In one application I needed to create quite many sets of distinct numbers in a limited range.
This is done quickly by doing a knuth-shuffle of an array with all the numbers in the range and do the random swapping as many steps as the size of the requested set.
Here's a typed and thread safe version - no reflections gives a super quick execution.
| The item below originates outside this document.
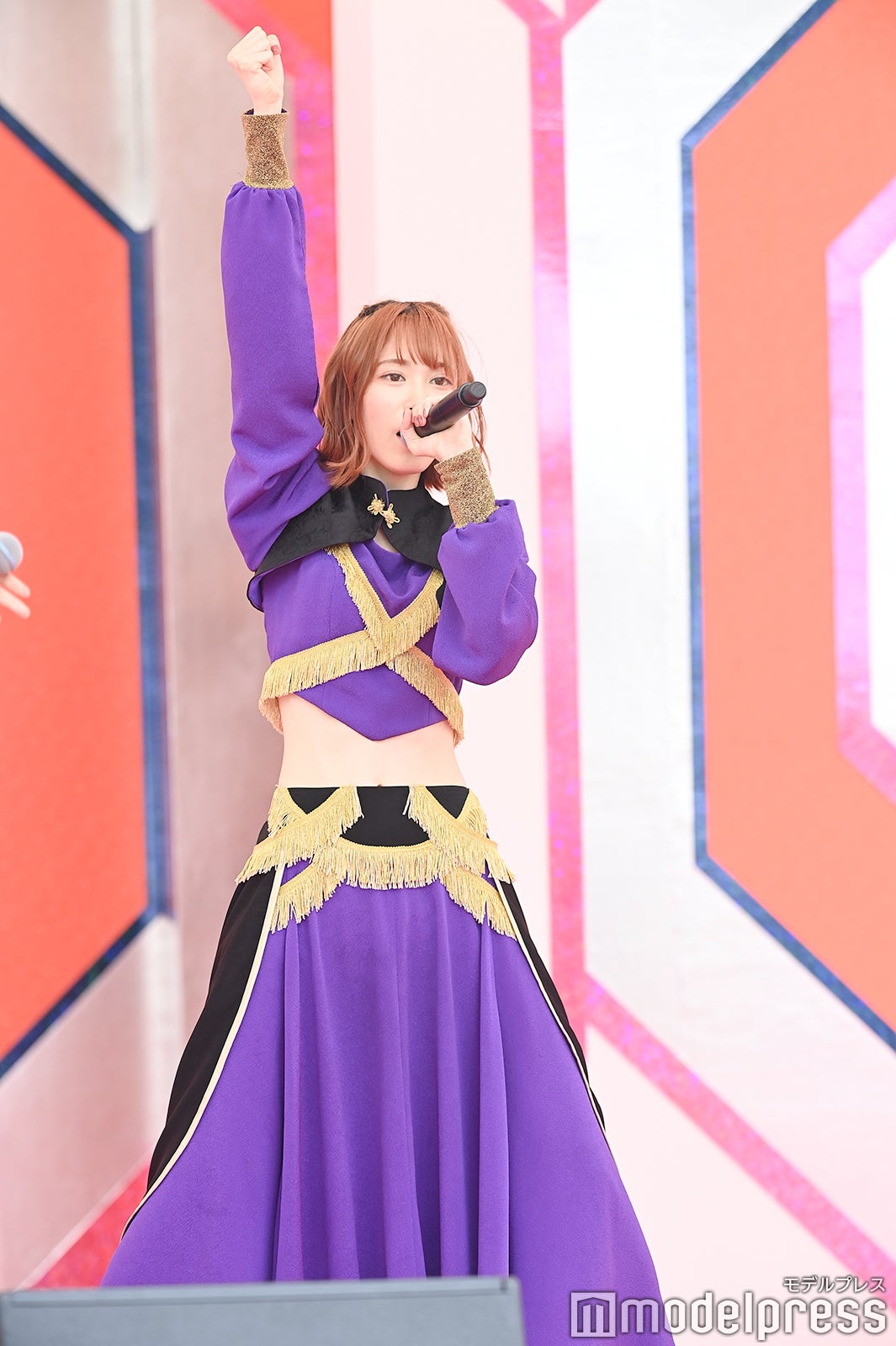 豆柴の大群（C）モデルプレス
The locking macro makes sure we don't mix everything up by parallel threads.
(let [vektor-length 400
set-size 20
shuffle-seed (long-array (shuffle (range vektor-length)))]
(defn shuffle-n!
"swaps the n first with any other in vector,
(see knuth shuffle)
array locking has to be done by the caller, otherwise
we could have leaks -> duplicates"
[^longs arr n]
(dotimes [idx n]
(let [shuffle-with-idx (rand-int vektor-length)
a (aget arr idx)
b (aget arr shuffle-with-idx)]
(aset arr idx b)
(aset arr shuffle-with-idx a))))
(defn gen-distinct-set []
(locking ^longs shuffle-seed
(shuffle-n! shuffle-seed set-size)
(let [new-distinct-set (long-array set-size)]
(dotimes [idx set-size]
(aset new-distinct-set idx (aget ^longs shuffle-seed idx)))
new-distinct-set))))
A test of this algorithm rendered a million sets in less than a second, which was more than sufficient for my application, otherwise my next step would have been to dig into thread-local constructs in flatland/useful thread-local macro, where every thread could have it's own seed vector.
(I don't check for duplicates, since they are unlikely enough for my application).